The family then moved to Batavia, from where they later returned to South Africa. They intermarried with many South African families – Barendse, Basson, de Villiers, du Plooy, Geldenhuys, Louw, van Jaarsveld, van Niekerk, Zaaiman and others. In 1679 Simon van der Stel became the first Mauritius-born 'coloured' Commander of the DEIC at the Cape.

Another interesting case is that of Stephanus Johannes Paulus Kruger, or Paul Kruger, President of the South African Republic from 1883 to 1900. He was descended from Catharina van Bengale, also known as Groote Catrijn, a slave from Bengale on the Coromandel Coast of India. Paul Kruger played a leading role in trying to prevent Britain from colonising the then South African Republic.

The conflict later led to the emergence of a strong Afrikaner nationalism, which eventually culminated in a racial minority government foisting apartheid on South Africa. Of interest is the fact that many of its supporters would not have passed the test for their own ‘whiteness’; it was just the perception that they and their society had of themselves. Nonetheless, it is a delicious irony of history that one of the architects of apartheid, DF Malan, unveiled the statue of a descendant of a slave in the main square (Kerkplein) of our capital city, Pretoria, in honour of ‘die volk’.

There are also a number of stories where Europeans have been accepted into local communities. As an example, in the 1730’s Bessie, a seven-year old survivor of a shipwreck on the Transkei coast was accepted by the Xhosa and became the Great Wife of a local prince. The story of John Dunn and how he was awarded a chieftainship by Cetshwayo is well known, and there are many other cases where indigenous people and settlers intermarried.

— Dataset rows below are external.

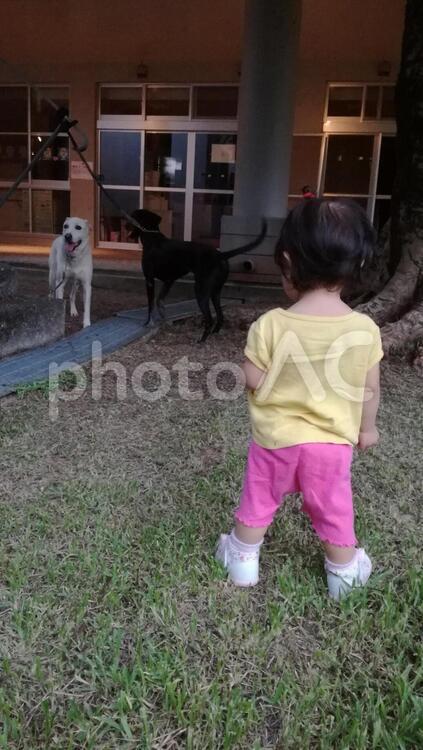愛犬を見つめる女の子 女の子,子ども,後ろ姿の写真素材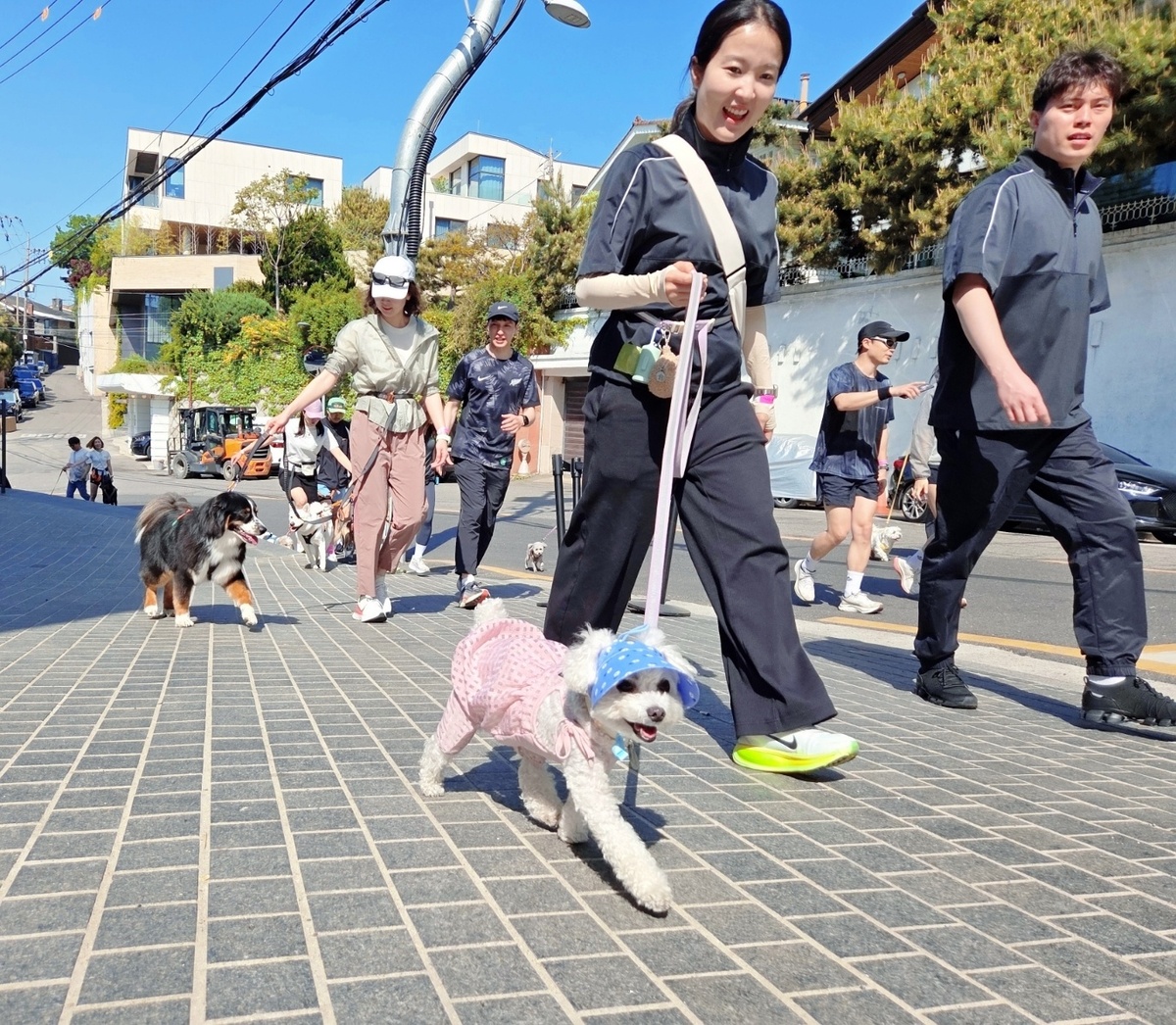 든든런에 참가한 반려견들이 보호자와 함께 뛰고 있다. 박재림 기자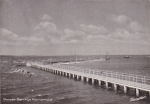 Havnen19.jpeg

All these cases are examples of mixing between different peoples all striving to do the best for themselves and their families. No doubt there were very many more throughout our history.

All this brings us to the present, where we now have a diverse society originating from all over the globe. Of course, science is also telling us at the moment that all of humanity originated from a group of people living along the South African south coast some 70,000 years ago. We are indeed all part of one humanity.

It is then a South African peculiarity that we have a race called ‘coloured’, as though this defines a different set of people. The descriptions above indicate that very likely a large proportion of the population (majority?) do not belong to any one particular ethnic grouping (whatever that means).

Even so, society groups together on the basis of perceptions, excluding others who they perceive as somehow different. Skin colour – defined as race – is an obvious criterion to use in this regard, and successive South African governments have discriminated against different racial groups, usually with the objective of economic benefit for their own grouping.

At the present time the perception is promoted that Africans have a dark skin. Thus the Institute of Race Relations (IRR) uses the term ‘African’ to mean ‘black African’, and ‘black’ to mean ‘African, Coloured, Indian and Asian people’. Similarly the Broad-Based Black Economic Empowerment (B-BBEE) Act defines the term ‘black peopleas a generic term for Africans, Coloureds and Indians.

Having identified that very many South Africans are of mixed descent – certainly many more than the 8.7% ‘coloured’ tally given by the IRR 2017 yearbook – it is important that people recognise their origins. As an example, it is no doubt true that a number of so-called ‘white’ farmers could self-identify themselves as ‘coloured’ and become part of the ‘black’ group. Similarly, what would happen to B-BBEE numbers if previously ‘white’ members of companies also became ‘black’?

Where do people who self-classify themselves as ‘other’ fit into the B-BBEE act?

Because racial classification is such an imperfect and subjective topic it will never be without argument, debate and possibly conflict. We can only hope that, in the end, perhaps we can all be classified as South Africans.